Got mine at Harbor Freight but probably will get a better one at Home Depot.



> 2. A vehicle jack sufficient to lift one wheel clear of the sand.


I got a 48" Hi-Lift jack because of all the other cool things you can do with it. On line.



> 5. A tow rope or tow strap, chain, or cable with a minimum pulling strength of 6,000 pounds and at least 10 feet long.
> 
> I think I have a jack (one that came with the car) but where can I get a good shovel. I have seen folding one and was wondering how well they work. Also, what do most people use for tow rope?


I got a snatch strap. The stretchy ones. Same pull but less chance of getting the pull vehicle stuck. Got it at Auto Zone. They got them everywhere.
.


----------



## Ryan Y (Dec 1, 2005)

*ANy big box store..*

ANy big box store such as walmart or whatever should have everything you need.
It could also give you an excuse to check out an Army/Navy Surplus store.


----------



## Fishbreath (Nov 11, 2004)

You may want to include a flashlight in your ORV kit.


----------



## SeaSalt (Apr 29, 2002)

Fishbreath said:


> You may want to include a flashlight in your ORV kit.


good call.

I should also add first aid kit to it.

Also, do you think the jack in my car will suffice or do I need certain type of jack like Bubba mentioned...


----------



## Catch This (Nov 19, 2005)

you dont think about Jumper Cables until you need them.
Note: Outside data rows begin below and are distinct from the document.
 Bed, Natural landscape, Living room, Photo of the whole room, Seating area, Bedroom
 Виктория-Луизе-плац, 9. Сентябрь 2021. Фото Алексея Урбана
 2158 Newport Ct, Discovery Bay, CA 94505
Having left a friend stranded 6 miles from a ramp, while I went and found cables is a lesson I havent forgotten.

I now carry one of the portable jump starters that has two built in lights, and air compressor. The compressor isnt all that good but it will do in an emergency. The unit was under $100 and it provides a jump start (if ever needed again) lights, air, and even has a couple of cigarette lighter type ports for recharging or using a cell phone.


----------



## Fishbreath (Nov 11, 2004)

Catch This said:


> you dont think about Jumper Cables until you need them. Having left a friend stranded 6 miles from a ramp, while I went and found cables is a lesson I havent forgotten.
> 
> I now carry one of the portable jump starters that has two built in lights, and air compressor. The compressor isnt all that good but it will do in an emergency. The unit was under $100 and it provides a jump start (if ever needed again) lights, air, and even has a couple of cigarette lighter type ports for recharging or using a cell phone.


I have made the assumption that the jack in the vehicle should work just fine but not having used it on the beach, can't say how it'll work there. As long as there is good solid ground (wood) to place it on, it should be fine.
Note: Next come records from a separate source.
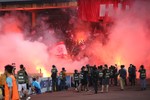 Hàng Đẫy bị "treo" vì pháo sáng: Nỗi đớn đau bóng đá Việt!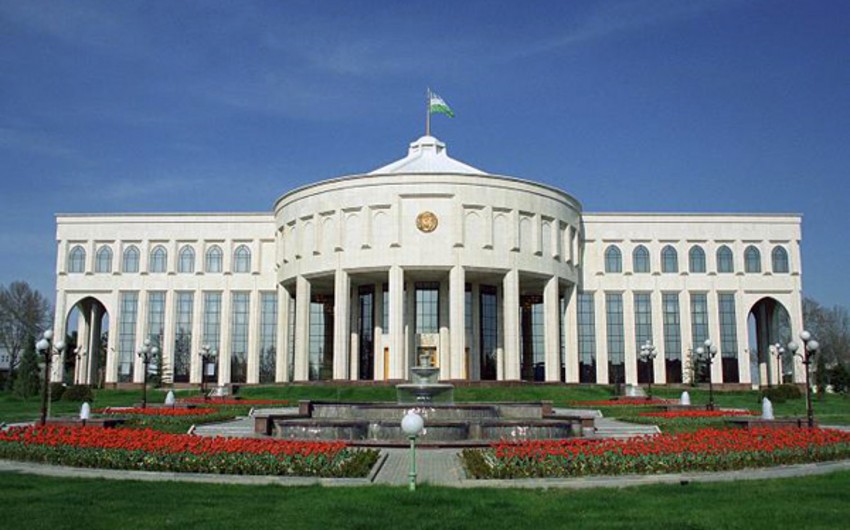 Источник в аппарате президента Узбекистана не подтвердил его смерть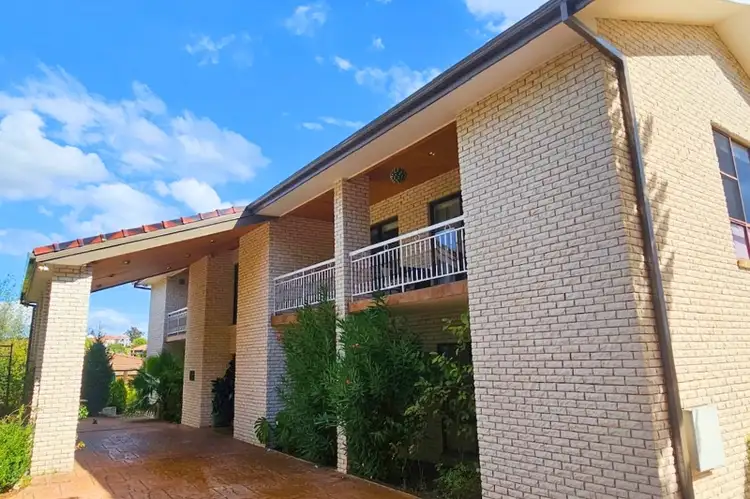 11 Gerogery Place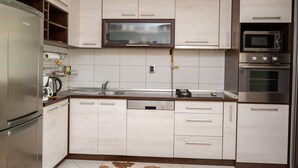 Microondas, horno, parrilla de estufa y lavavajillas 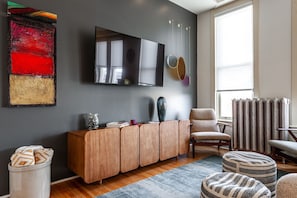Relax in our elegantly designed living area, blending modern comfort with Stratford's historic charm. Located steps away from the renowned Stratford Festival theatres and the picturesque Avon River, immerse yourself in the cultural heart of Stratford, Ont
Another very good call. Especially when playing music on the beach or if an interior light has been left on. I carry the jumper cables but have been there when the jump box was a necessary item as there were no other vehicles around. I like the portable Jumper Box.

And yes, DEFINITELY a first aid kit.


----------



## Woodchuck (Jan 5, 2005)

*Be prepared...*

With a regular car jack there is going to be a lot of digging to get it under the axel, if you are framed. If you can only get it under the bumper, it will take a stack of boards or pile of sand to get it up high enough to fill in the holes. Usually not an issue if you stick to the well traveled paths. There will always be someone to come by and help with a tow… as long as you have that tow rope/chain/strap!

I’m with Bubba on this one. My 94 XJ owns a 60” Hi-Lift (sorry Bubba but bigger is always better! ). Also a wide assortment of boards (4-2x10x12”, 12-1x4x24”, 1-24”x24” ¾ ply and an assortment of smaller plywood scraps), 30’ tow strap, rug scraps, ropes, bungee’s, a short handle square shovel (Home Depot $14) and a small axe. Hey, you never know… and I was a Boy Scout. Yes, a full size spare, air gauge and cables also.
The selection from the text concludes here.